Other data that we are given access to is compliance data, this allows us to see when managed devices are not in compliance. An advanced query that shows the power of Kusto, demonstrates how we see a breakdown of device compliance failures by reason with the following:
let ComplianceLogs= IntuneOperationalLogs | where OperationName == "Compliance" | project TimeGenerated, Properties; ComplianceLogs | sort by TimeGenerated desc | join ( ComplianceLogs | extend myJson = todynamic(Properties) | project-away Properties | extend IntuneDeviceId=tostring(myJson["IntuneDeviceId"]) | project TimeGenerated, IntuneDeviceId | summarize TimeGenerated=max(TimeGenerated) by IntuneDeviceId ) on TimeGenerated | project-away TimeGenerated1, IntuneDeviceId | extend myJson=todynamic(Properties) | project-away Properties | extend Description=tostring(myJson["Description"]) | extend Description=tostring(extract("(.*?)_IID_.*", 1, tostring(Description))) | extend Reason = tostring(extract("(.*?)\\.(.*)", 2, tostring(Description))) | summarize FailureCount=count() by Reason | sort by FailureCount desc
This query gets the latest compliance log from the device and shows the breakdown of counts by compliance failure reason. You can use the “project-away” operator to remove unnecessary columns combined with “project” to improve overall query performance.

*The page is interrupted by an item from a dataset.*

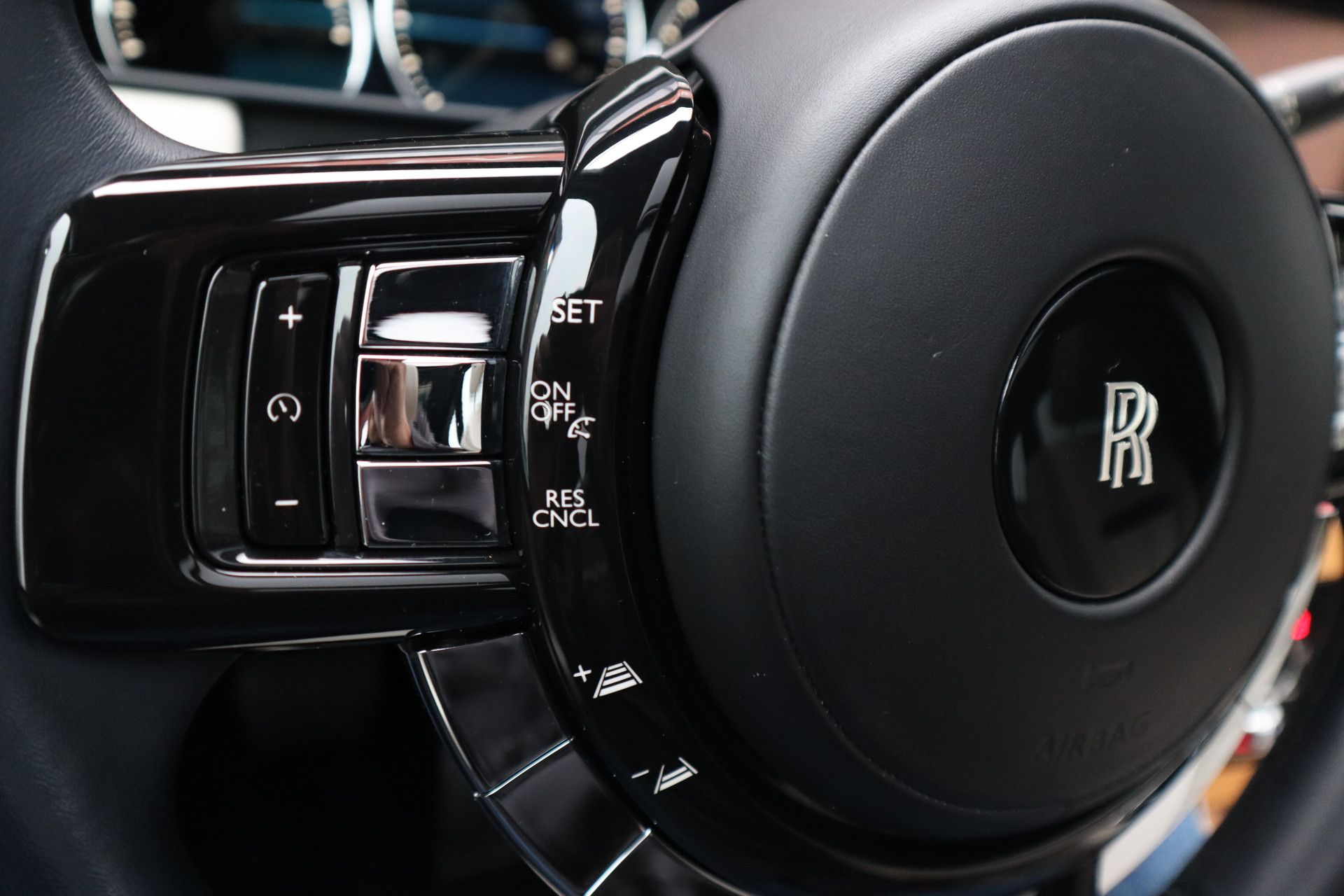 Afbeelding Rolls-Royce Cullinan 6.75 V12 | Bespoke Audio, Massage, Entertainment, Nachtzicht, Panoramadak, Trekhaak, Stoelverwarming, Stuurverwarming, ACC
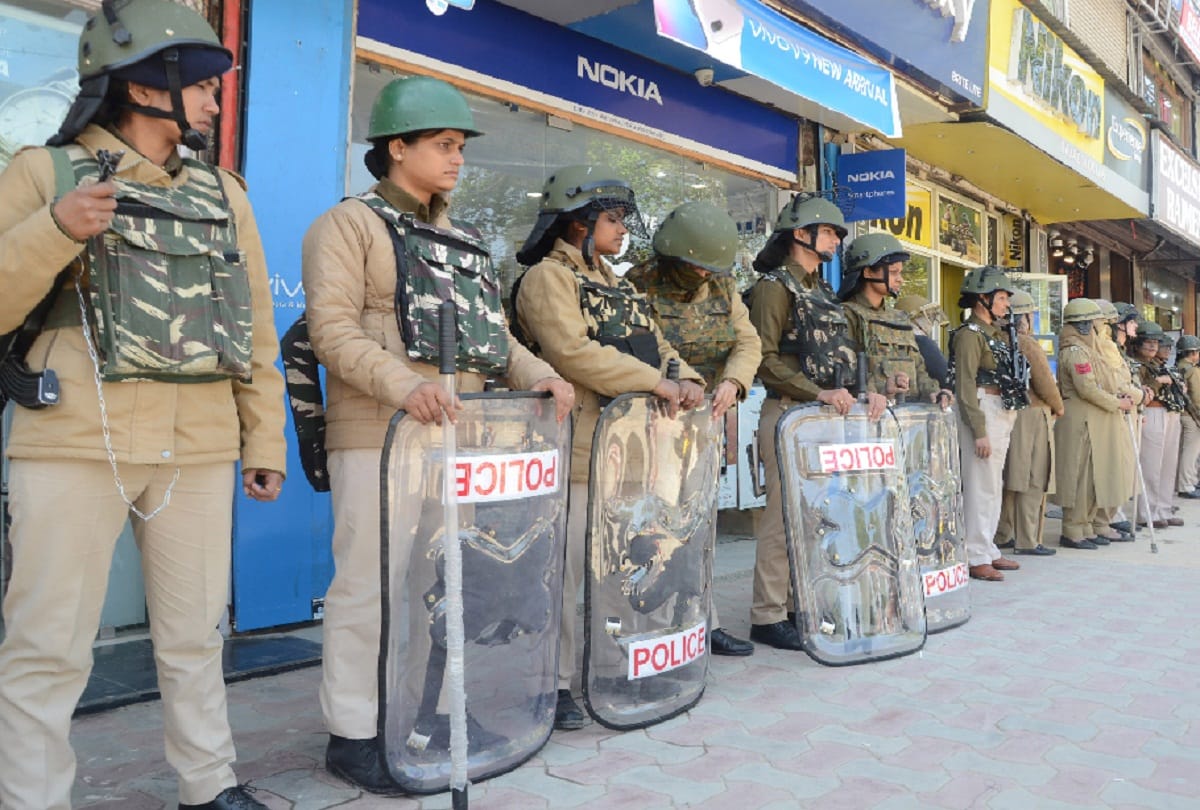 Kathua case- Student Violence Again in jammu & kashmir, CRPF mahila battalion deployed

Similar to audit and enrollment events, we create alerts on top of this data, so we have better insight into non-compliant managed devices in the environment.
Hopefully this post has given you some ideas how this data can be leverage to power additional workflows. The range of possibilities is endless by utilizing the Azure Monitor pipeline and other Azure functionality, that can help us as Intune Admins gain better insights into data by creating Dashboards / Views, creating alerts on top of this data, and triggering other custom workflows. I hope you are inspired to try this feature and start building on top of this data!